Group offers help to deal with death of a child

A new resource to assist mothers, fathers, grandparents and families come to terms with their grief after the loss of a child is now on island.

The first meeting of “In Our Heart – Cayman” took place at the Cayman Islands Baptist Church on Pedro Castle Road Monday evening.

Dr. Annette Stephenson, facilitator and co-founder of the group started the resource after losing her baby triplets in 2017. She wanted to share her grief and yearned for someone to talk to.

“What I got was not enough. Books were not helping and what was missing was a need for connection,” she said. This happens a lot with pregnancy loss, stillbirth, termination and miscarriage, she explained, as families experience a deep mourning and have nowhere to turn.

“They often don’t talk about their baby because they are afraid of having a conversation that will have them be emotional, and people don’t reach out to the parents for fear of making them cry. Eventually, the experience is somewhat pushed under the rug and people try to forget and move on.”

She said those who have lost a baby perpetually yearn for an acknowledgement of their loss and try desperately to deal with their emotions. This leads to disconnection, isolation and a sense of despair. She said women may have anxiety about the future or current pregnancies.

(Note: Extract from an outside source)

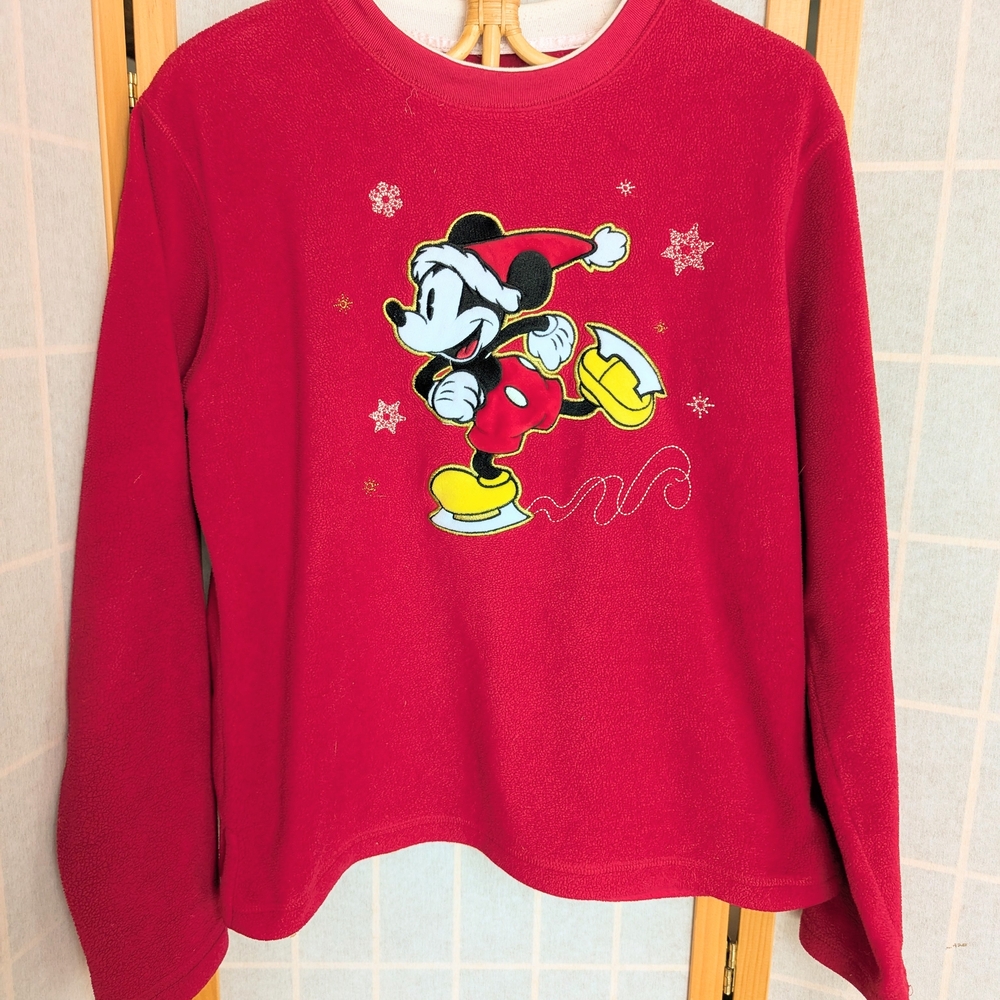 Disney Red Long Sleeve Sweater with Mickey Design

In her search to find some type of support or community on island, earlier this year she connected with Michelle Tyliakos, a doula who used to live in Cayman. They started sharing their experiences with miscarriage and pregnancy loss, at which time Ms. Tylialkos mentioned that she had started a support group in her community in Vancouver called In Our Hearts.

This lay the foundation for the establishment of the first international chapter of In Our Hearts. Dr. Stephenson described In Our Hearts as a safe space with monthly meetings for women, partners and support people to gather, share their experiences and learn of resources in the community.

“It is simply a place for people to cry or let out their emotions and talk about their grief,” she said. “It is a place for acknowledgment and gratitude. It is a non-judgemental room allowing people to be fully expressed in grief. It’s to hold the space, not to fix anything, but to make room for a woman and families to voice what is needed.”

Because of a small turnout at the group’s first meeting Monday, going forward Ms. Stephenson said she will have suggestions on time, location and how to promote and bring more awareness of the meeting. She will also look at inviting a counselor for processing grief and a nutritionist to talk on how to eat to heal the body.